This enhancement was driven by increases in both the insoluble (IDF) and soluble (SDF) dietary fibre fractions. The IDF content rose from 2.16 g/100 g in the control to a maximum of 3.59 g/100 g in the Spelt 60 sample. This is consistent with the high bran content of the whole, germinated seeds, which are a rich source of insoluble fibres such as cellulose and lignin. The SDF fraction also increased substantially, from 0.62 g/100 g in the control to over 1.80 g/100 g in the Oat 60 sample—a nearly three-fold increase. The rise in SDF can be attributed to components like beta-glucans from oats and spelt, as well as arabinoxylans and other soluble polysaccharides released or synthesized during the germination process.
The breads enriched with germinated spelt showed the highest levels of IDF, while those with germinated oats and buckwheat showed the highest SDF content. The multigrain breads exhibited a balanced fibre profile, effectively combining the contributions of all three grain types.
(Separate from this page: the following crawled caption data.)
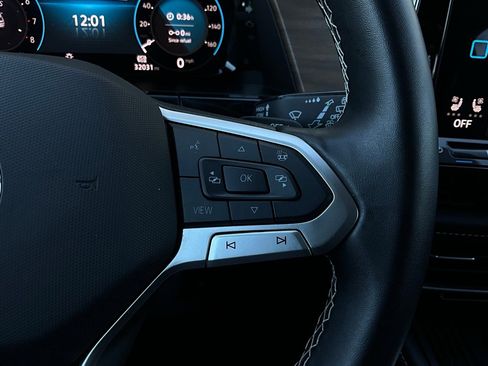 Used 2025 Volkswagen Atlas SE image 37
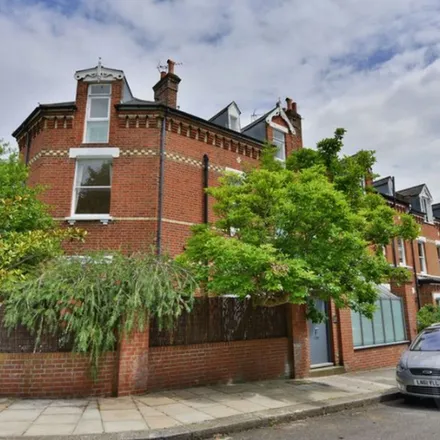 Rent this 5 bed apartment on Rudall Crescent in London, NW3 1RS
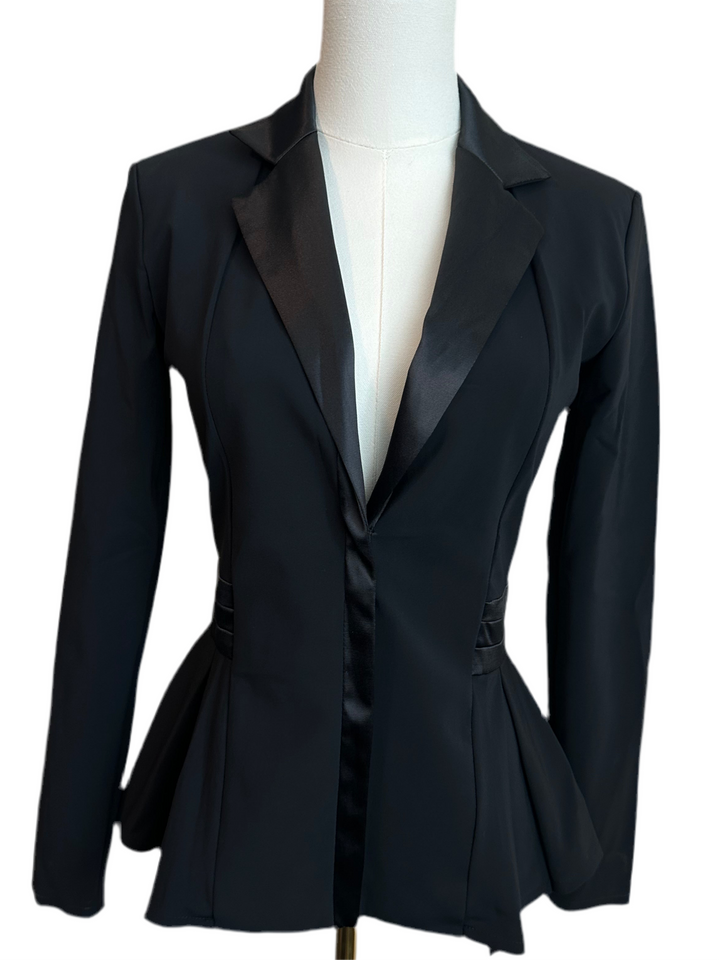 PRE-LOVED REIGNS BY SAVANNAH FELLERS THE VANI SHOW JACKET
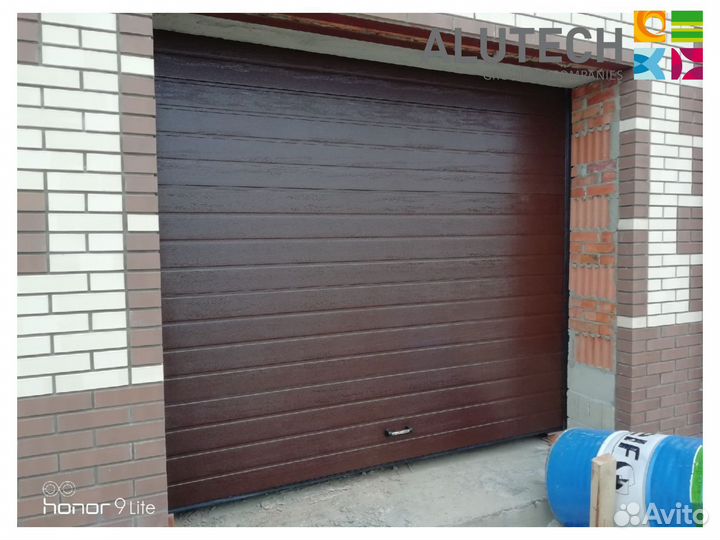 Гаражные ворота alutech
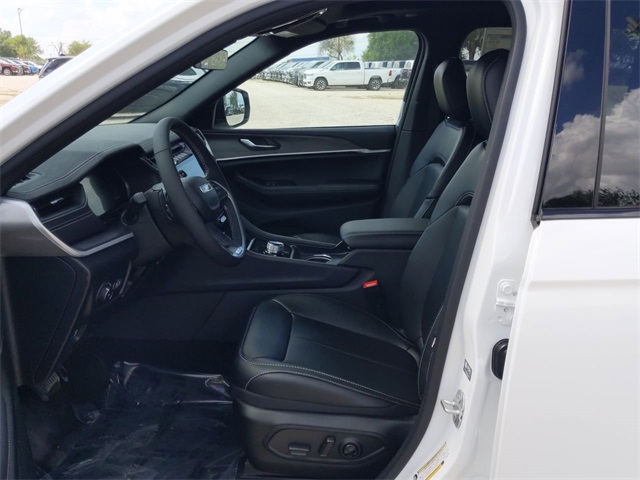 2025 Jeep Grand Cherokee Limited photo 10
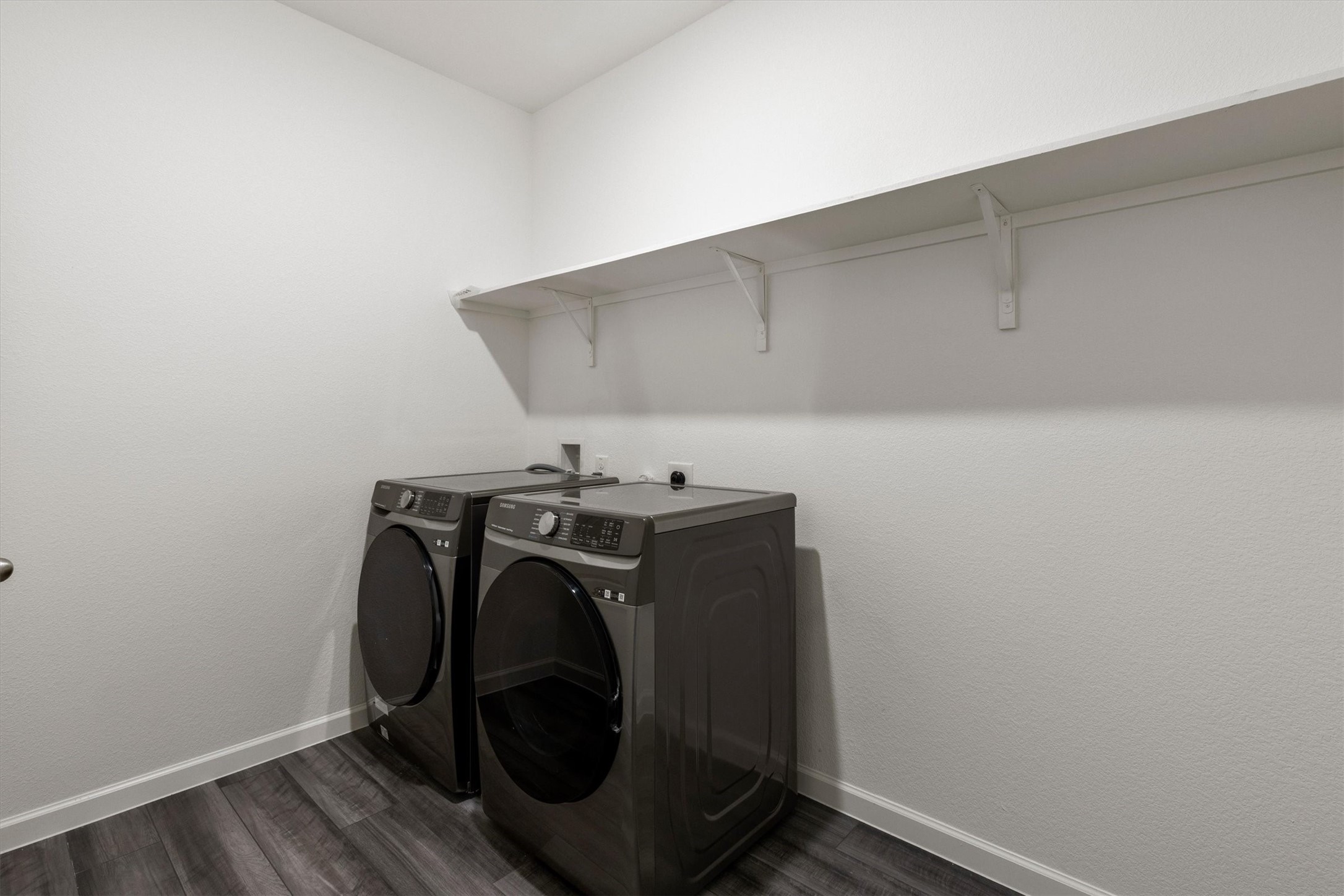 3008 Lacebark Court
The SDF/TDF ratio also increased from 22% in the control to approximately 30–36% in most enriched samples, indicating a relative enrichment of soluble fibre, which is particularly beneficial for its prebiotic and blood glucose-regulating properties [19].
3.4. Bread Properties
In Table 5 are summarized all the analyzed bread properties, including specific loaf volume, water content, crust colour parameters, texture characteristics, and sensory evaluation scores. These results enable a direct comparison between the control sample and breads enriched with spelt, oat, buckwheat, and multigrain flours at two substitution levels (30% and 60%).
3.4.1. Specific Volume
The specific volume of bread is an important indicator of product quality that reflects crumb porosity and the degree of dough expansion during baking (Figure 3). The control bread exhibited the highest specific volume among all samples, averaging 3.42 mL/g. Among the breads enriched with 30% germinated grains, most samples showed only a moderate reduction in specific volume, and a statistically significant decrease was confirmed only for the bread containing germinated spelt. Breads with 60% germinated grain addition displayed significantly lower specific volumes than the control. The most pronounced decrease was observed in the bread enriched with 60% germinated oats (2.63 mL/g).
Cross-sections of prepared breads. From left to right: Control, B30, B60, S30, S60, O30, O60, MG30, MG60.
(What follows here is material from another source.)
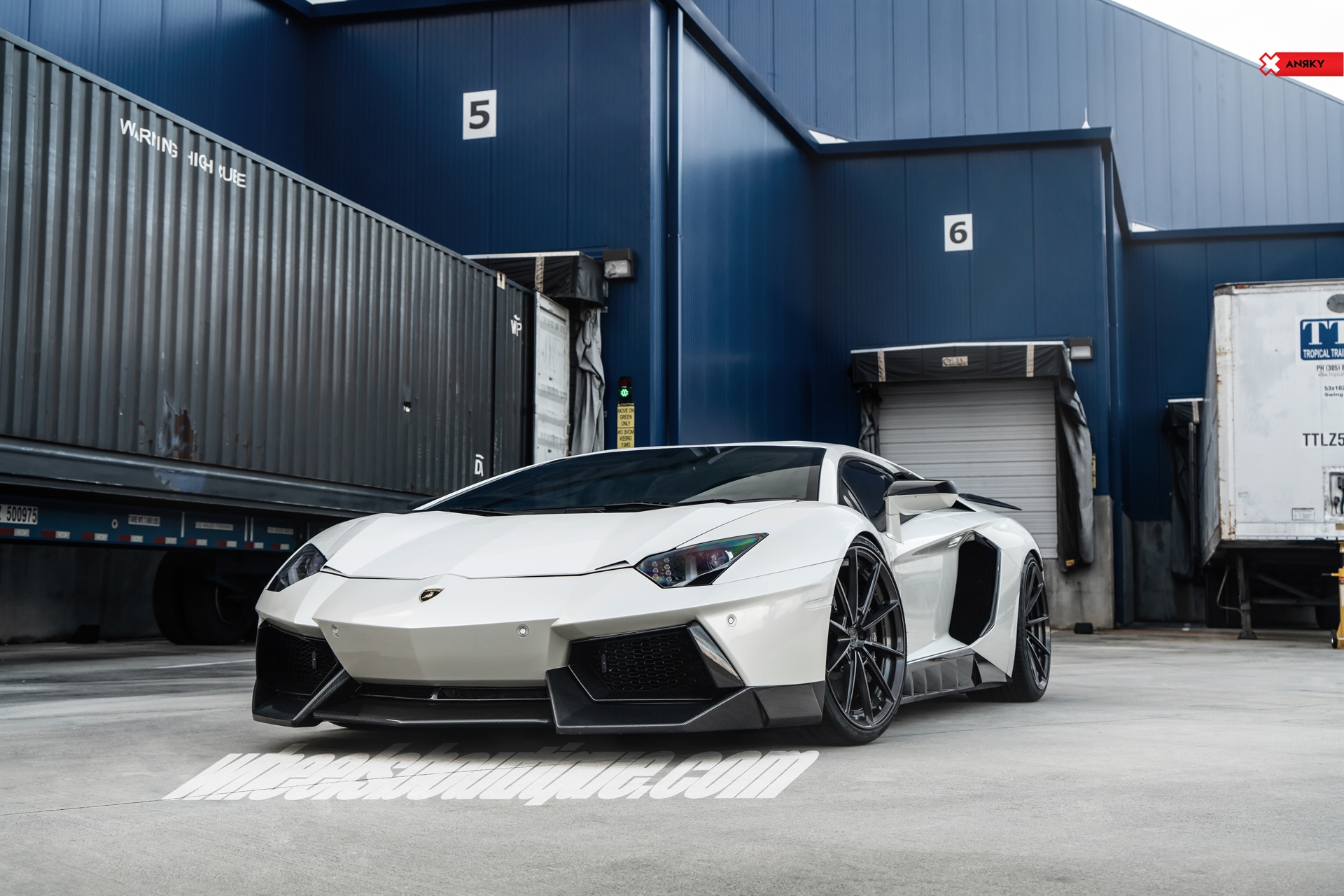 Novitec: Aventador | on ANRKY AN28 | Brushed Black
The results indicate that the incorporation of germinated grains negatively affects the specific volume of bread, and that this effect increases with higher substitution levels. Several factors likely contribute to these differences, including the physicochemical characteristics of the germinated grains, the content of secondary metabolites, and potential enzymatic activity. Phenolic compounds can interact with thiol groups in gluten proteins, disrupting the development of the protein network and consequently reducing the specific volume [20]. Dietary fibre, abundant in germinated grains, can influence the specific volume, leading to an underdeveloped gluten network or a dilution effect that weakens gas retention during proofing [21]. Increased enzymatic activity in germinated grains may also contribute to the reduction in specific volume. During germination, hydrolytic enzymes such as amylases and proteases accumulate [22], promoting starch and protein degradation. As a result, doughs containing germinated grains are often weaker and stickier, making them difficult to handle and leading to reduced loaf volume. According to Marti et al. [22], controlled germination and limited enzyme activity can positively affect bread fermentation; however, in the present study, the germinated grains were thermally treated prior to use to ensure the thermal inactivation of hydrolytic enzymes. Although insufficient heat treatment might partially preserve enzyme activity, pasteurization at 80 °C for 40 min was considered sufficient for complete inactivation. Therefore, the most plausible explanation for the reduced specific volume of breads containing germinated grains is the altered composition of the raw material and the partial replacement of wheat flour by whole grains. Because whole grains do not participate in dough expansion to the same extent as flour, the effective proportion of gluten-forming material was reduced.
3.4.2. Colour of Bread Crust
The colour parameters (L*, a*, and b*) of the bread crusts are presented in Table 5. In general, all breads containing germinated grains—except for the S30 sample—exhibited significantly darker crusts than the control, as indicated by their noticeably lower L* values compared to the control average (L* = 70.17). Samples with a lower proportion of germinated grains displayed lighter crust coloration. Among all the samples, the B60 bread showed the darkest crust (L* = 48.03), being significantly darker than most other samples.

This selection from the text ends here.